▶ [Exercise data]:
=== Section Start ===

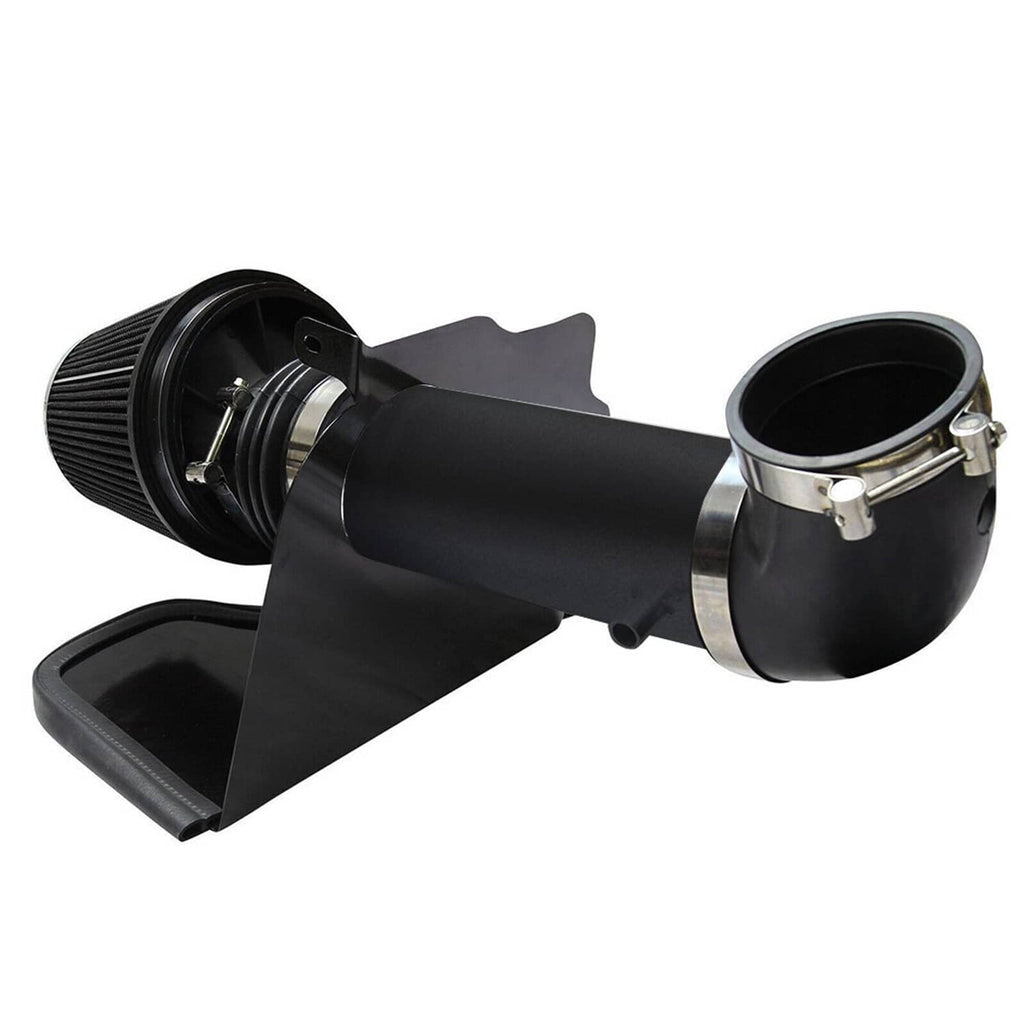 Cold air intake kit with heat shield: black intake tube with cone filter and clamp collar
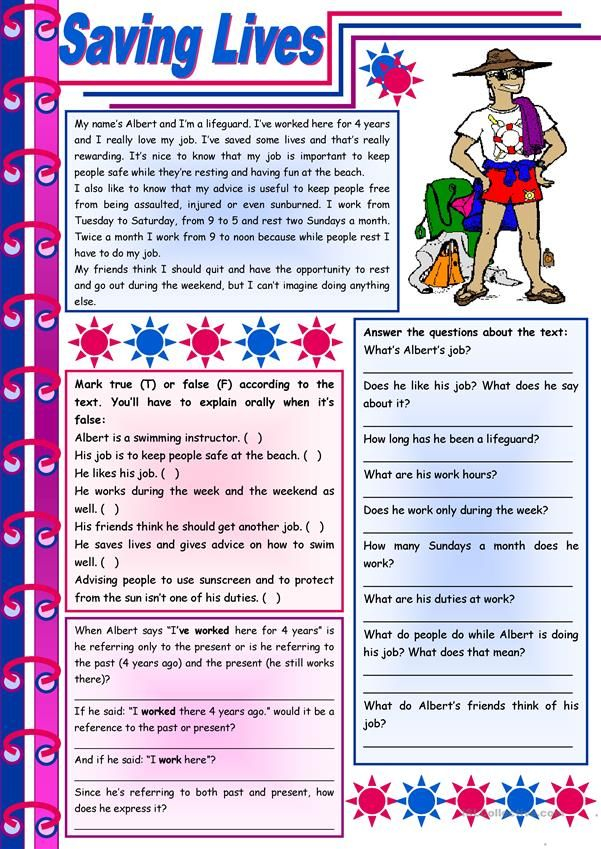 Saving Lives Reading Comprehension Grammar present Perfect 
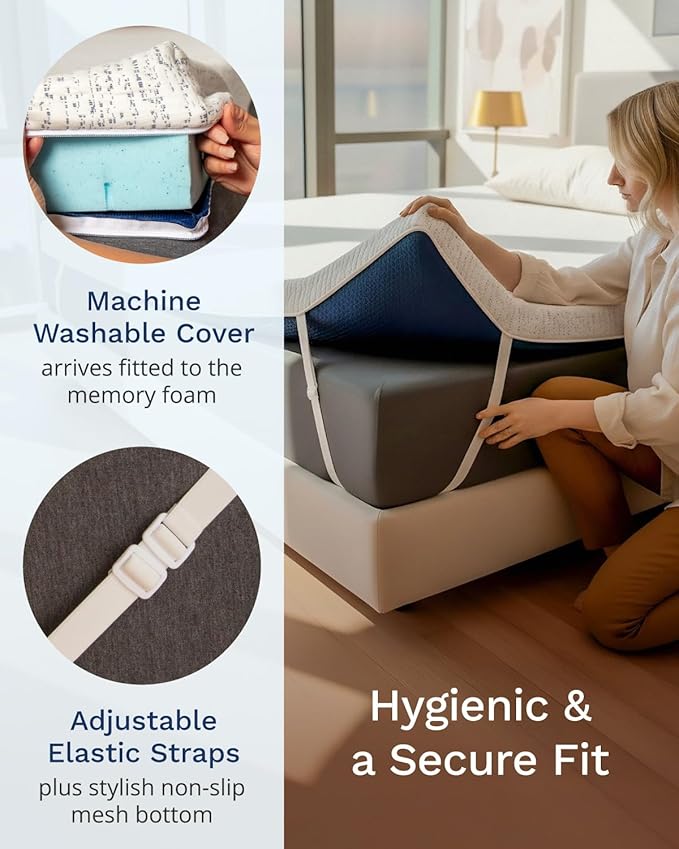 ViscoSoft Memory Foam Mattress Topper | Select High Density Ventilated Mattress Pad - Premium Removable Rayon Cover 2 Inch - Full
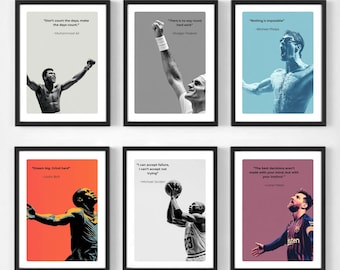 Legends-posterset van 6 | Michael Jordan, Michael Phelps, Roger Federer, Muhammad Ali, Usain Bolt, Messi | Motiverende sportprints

=== Section End ===

▶ [Your task]: Do not include the images; transcribe the rest of the listing exactly.

▶ [Solved exercise]:
 Cold air intake kit with heat shield: black intake tube with cone filter and clamp collar
 Saving Lives Reading Comprehension Grammar present Perfect 
 ViscoSoft Memory Foam Mattress Topper | Select High Density Ventilated Mattress Pad - Premium Removable Rayon Cover 2 Inch - Full
 Legends-posterset van 6 | Michael Jordan, Michael Phelps, Roger Federer, Muhammad Ali, Usain Bolt, Messi | Motiverende sportprints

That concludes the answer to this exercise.